» Task statement: Restate, in full and unchanged, the entries that follow, but not their pictures.

(Stored data)
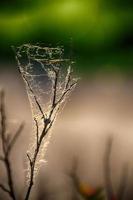 spin web Aan een voorjaar Afdeling tegen een groen achtergrond buitenshuis, in detailopname foto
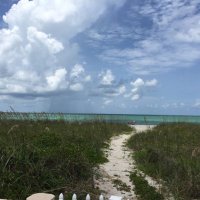 Annette Straw (@strawntexas) 's Twitter Profile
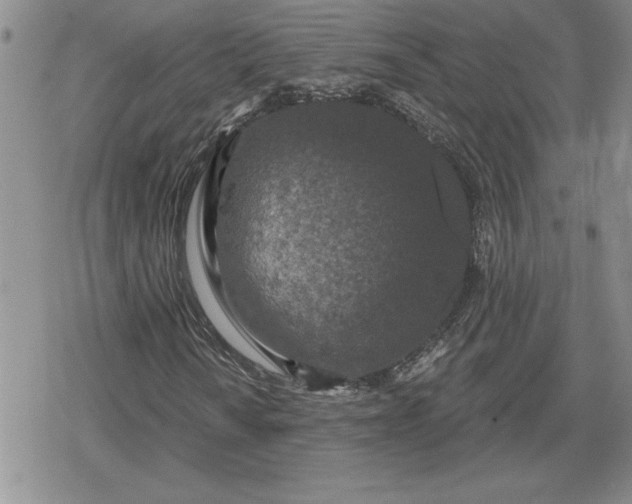 X0000080181010200612221310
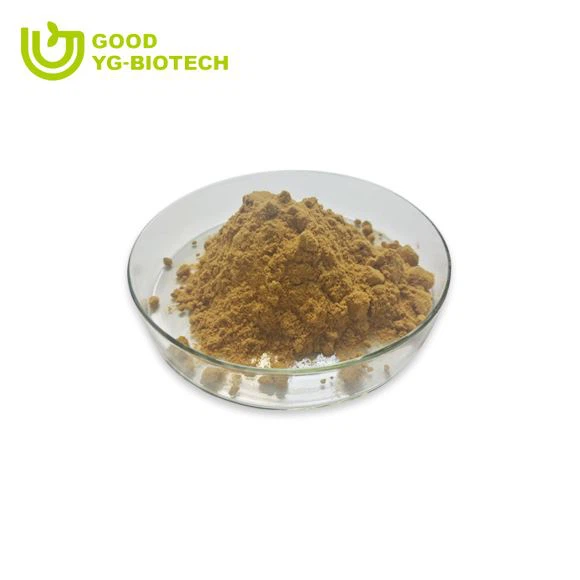 Lion's mane extract beta glucan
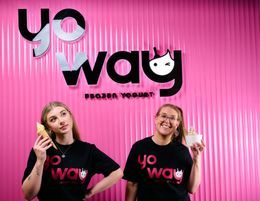 Invest in Yo Way: Premium Frozen Yogurt Franchise Opportunities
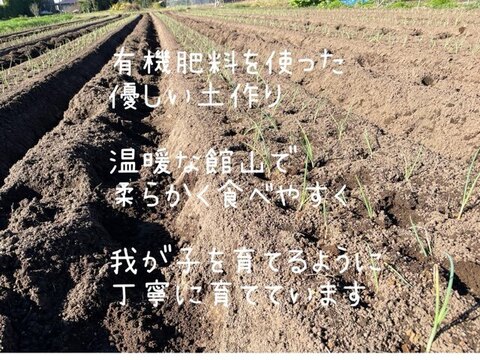 期間限定♪『カラフルスティック人参3色合計1.8キロセット』【クール便】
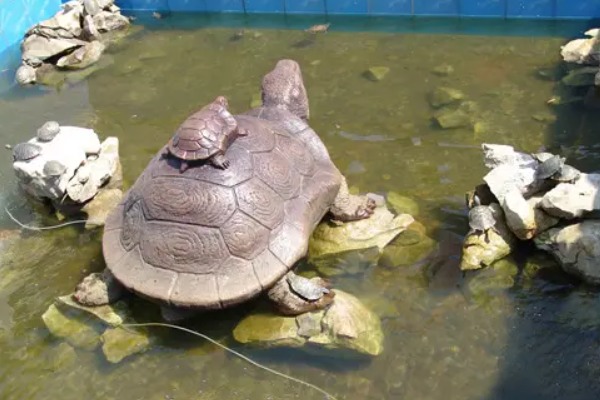 陶祖圣境千龟池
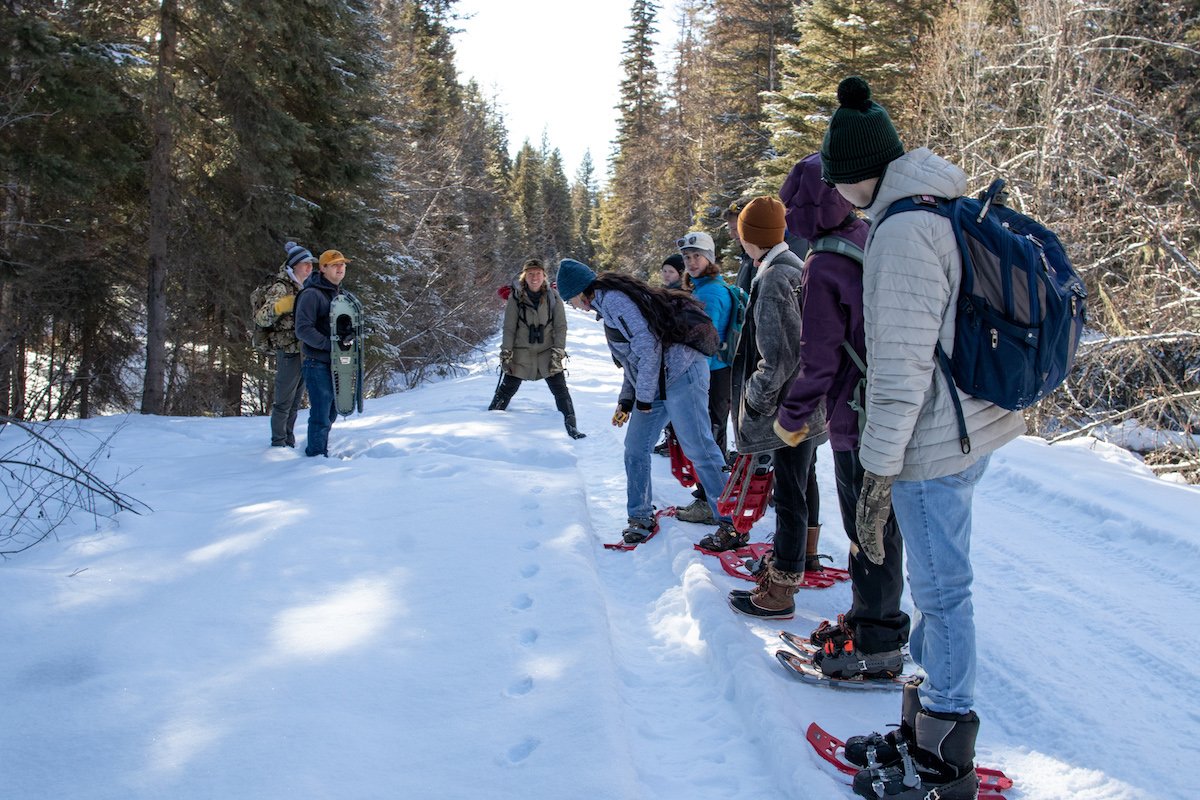 wildlife Tracks and Signs Class with Swan Valley connections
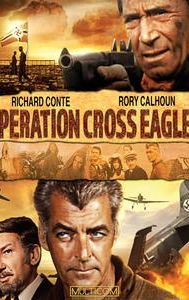 Operation Cross Eagles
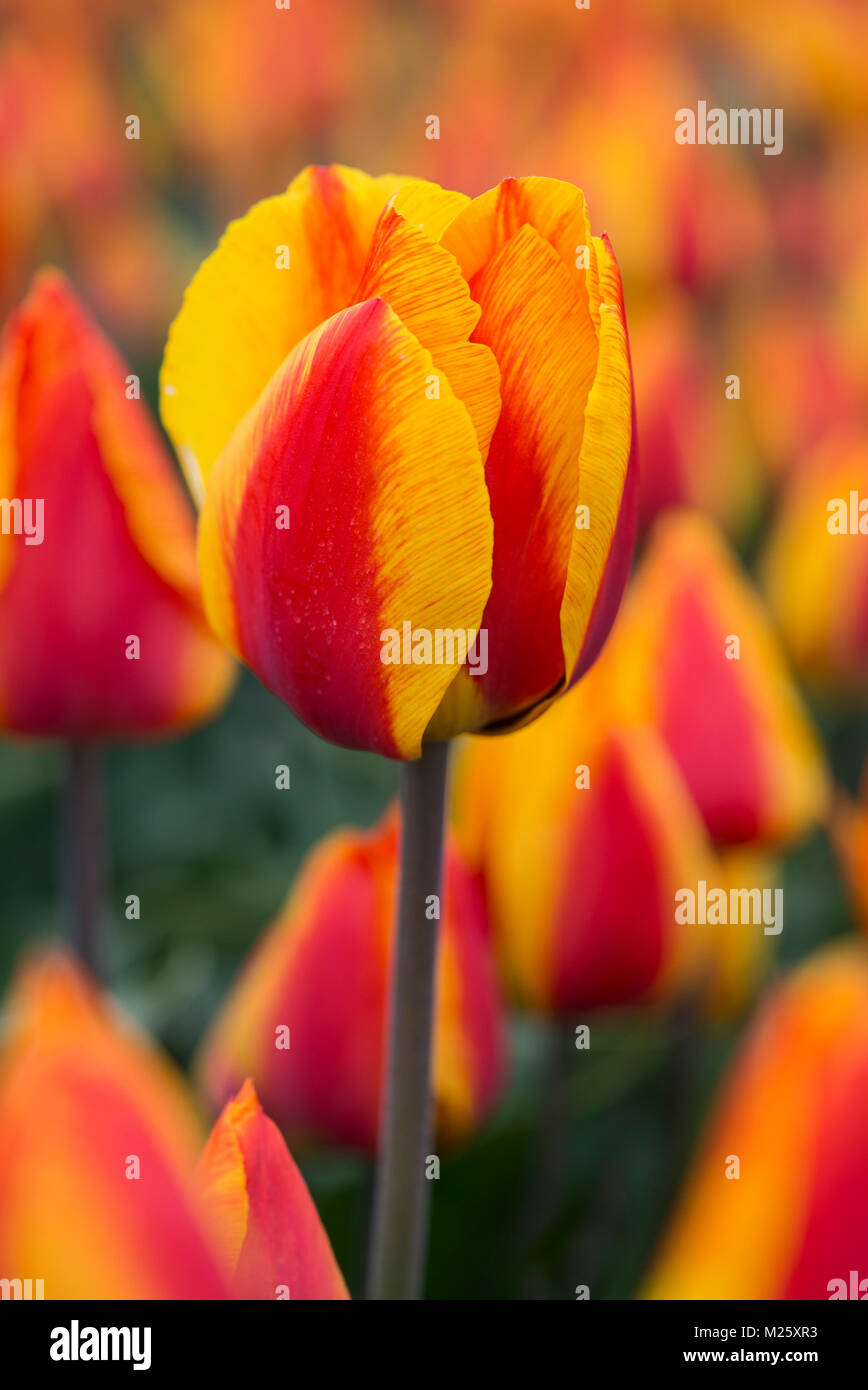 Tulip flower, variety Orange van Eijk, Bollenstreek, Netherlands Stock Photo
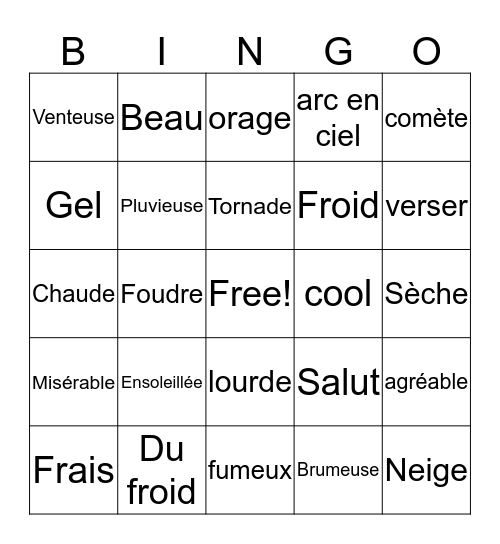 La Météo Bingo Card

» Answer area:
 spin web Aan een voorjaar Afdeling tegen een groen achtergrond buitenshuis, in detailopname foto
 Annette Straw (@strawntexas) 's Twitter Profile
 X0000080181010200612221310
 Lion's mane extract beta glucan
 Invest in Yo Way: Premium Frozen Yogurt Franchise Opportunities
 期間限定♪『カラフルスティック人参3色合計1.8キロセット』【クール便】
 陶祖圣境千龟池
 wildlife Tracks and Signs Class with Swan Valley connections
 Operation Cross Eagles
 Tulip flower, variety Orange van Eijk, Bollenstreek, Netherlands Stock Photo
 La Météo Bingo Card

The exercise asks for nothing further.